Les tableaux sont d’un format modeste, la couleur y tient un rôle central. Leurs compositions répètent une conception visuelle fondée sur la variation et la série dont ils ne s’écartent que par des effets de cadrages et de distribution des modules. Contraints par l’image qui leur sert d’apparence, leurs styles multiplient les effets d’empreinte et de rappel comme ceux d’écarts et de reprises partielles, de déplacements et d’e réinterprétation d’éléments de disponibles comme s’ils étaient ceux d’un puzzle arbitraire.
Pierre Bendine-Boucar s’affiche ainsi comme un chercheur imaginatif et insatisfait mais opiniâtre devant la tâche complexe parce que questionnante du tableau. Il éprouve en même temsp la part d’humour qu’implique l’idée d’unité d’une série dont les variations d’aspects ont des échos d’explications mécaniques, mais encore, et peut-être surtout, ou évidemment d’abord une aura sensible.

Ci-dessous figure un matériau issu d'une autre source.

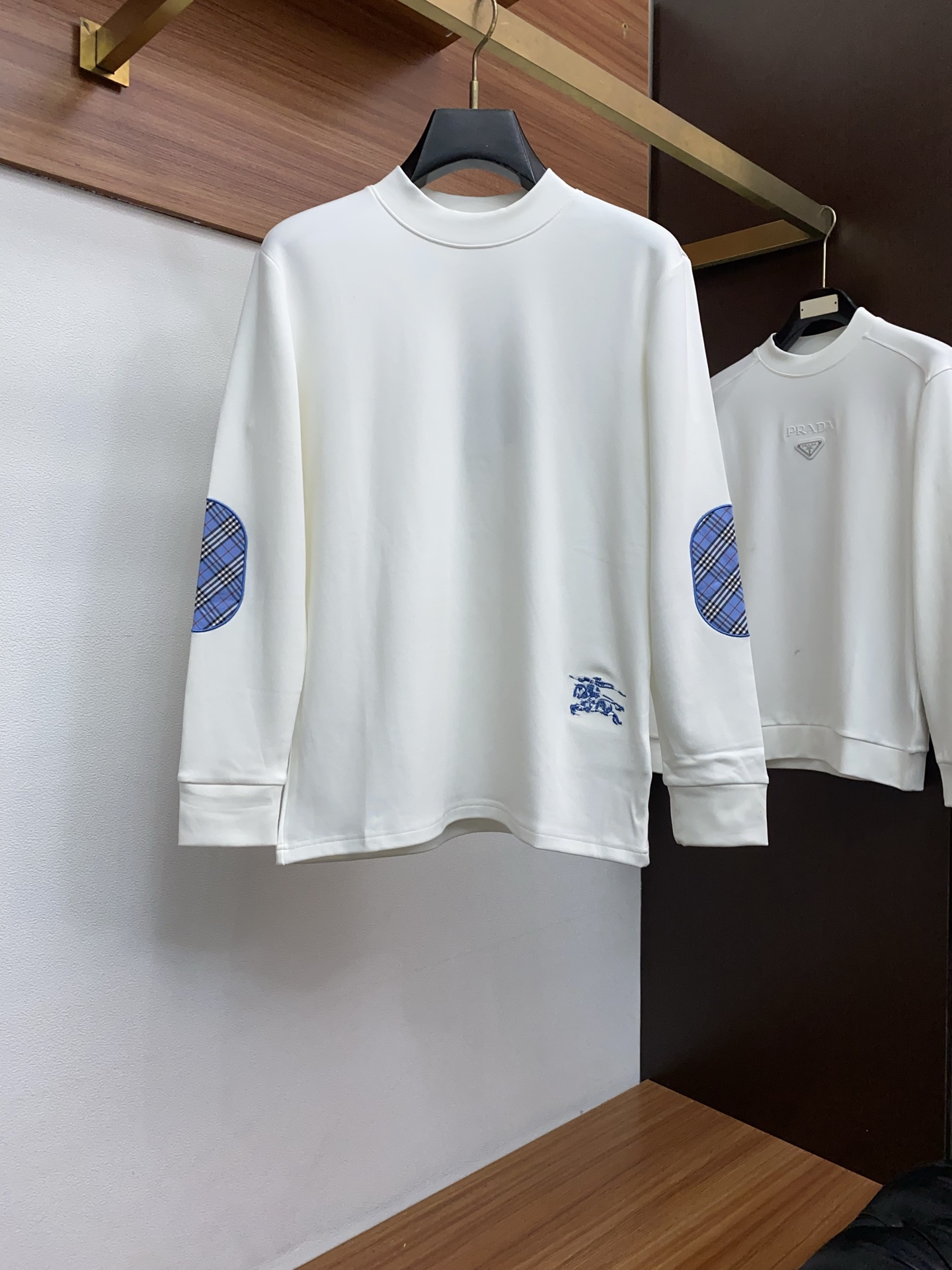 巴宝莉 25ss秋季 新品 新款贸易订单圆领长袖打底衫长袖T恤网红款！上身舒适透气，不僵硬，整体有着丰富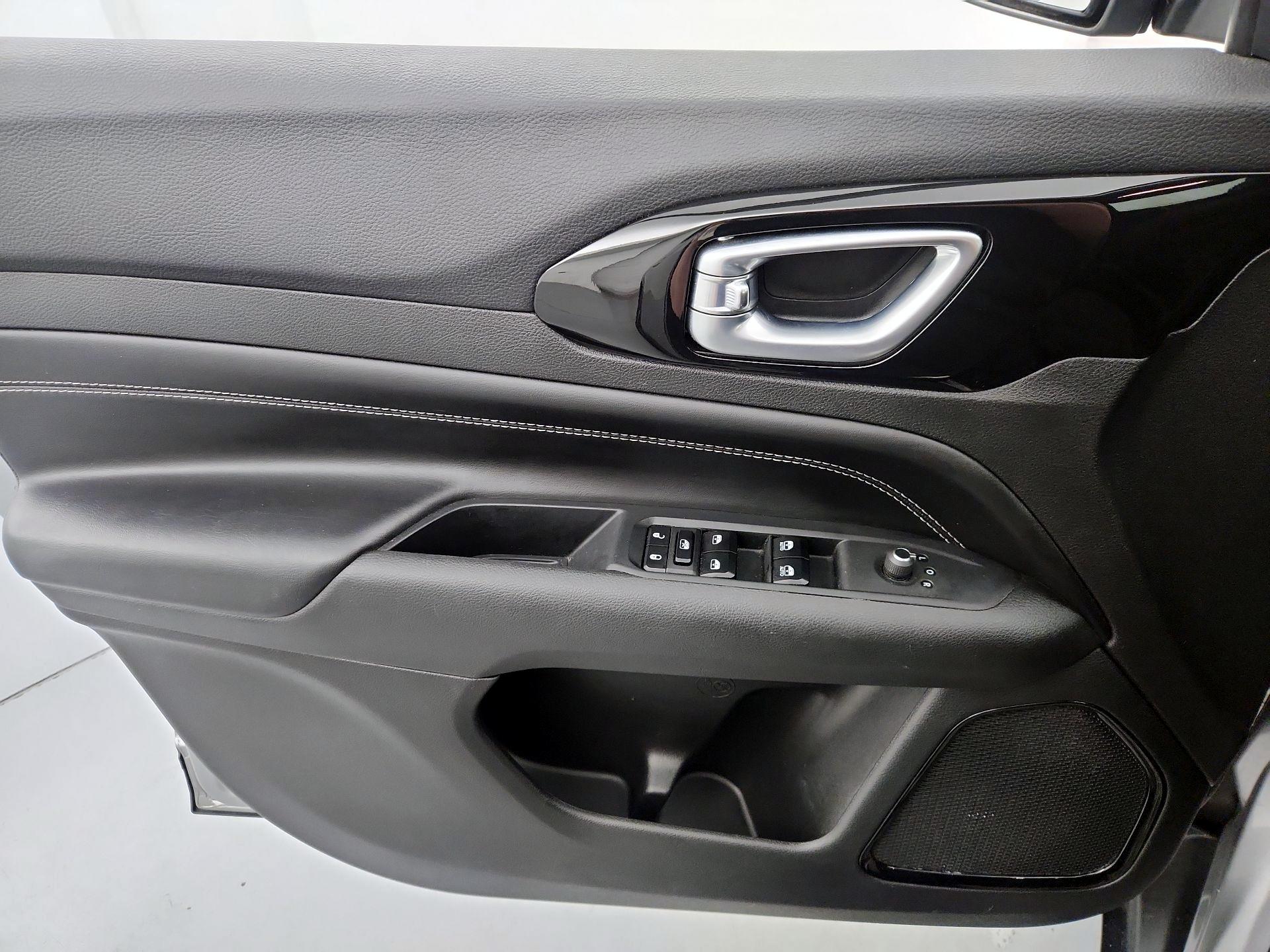 Thumbnail: 2023 Jeep Compass - 12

Les « Contellations » de Ding Yi à la galerie Karsten Greve
Ding Yi est présenté comme une figure majeure de l’abstraction contemporaine chinoise. Les peintures colorées pour évoquer poétiquement des univers nocturnes, scintillantes de points clairs pour incarner des étoiles, reprennent les conventions visuelles pour coder formellement des ciels la nuit, avec des galaxies dedans pour marquer leur temps clair. Les étoiles sont schématiquement détaillées en forme de croix, leurs regroupements sont imagés comme des dessins de constellations. Les tableaux représentent leurs myriades.
Les œuvres peinent à justifier l’idée d’abstraction tant les images sont analogiques. On veut bien croire qu’il existe d’autres peintres abstraits chinois et surtout d’autres styles ou voix d’expressions plastiques pour l’abstraction, que celles reconnues de Zao Wou-Ki ou Chu Teh-Chun. Sauf que les évocations géométriques ou vaguement non figuratives de Ding Yi ne proposent rien au delà des codes de lecture qui montrent ses peintures comme des illustrations esthétisées ; tout se réduit en définitive à des propositions descriptives et mimétiques. In fine, cette peinture céleste n’a de Constellations que son titre.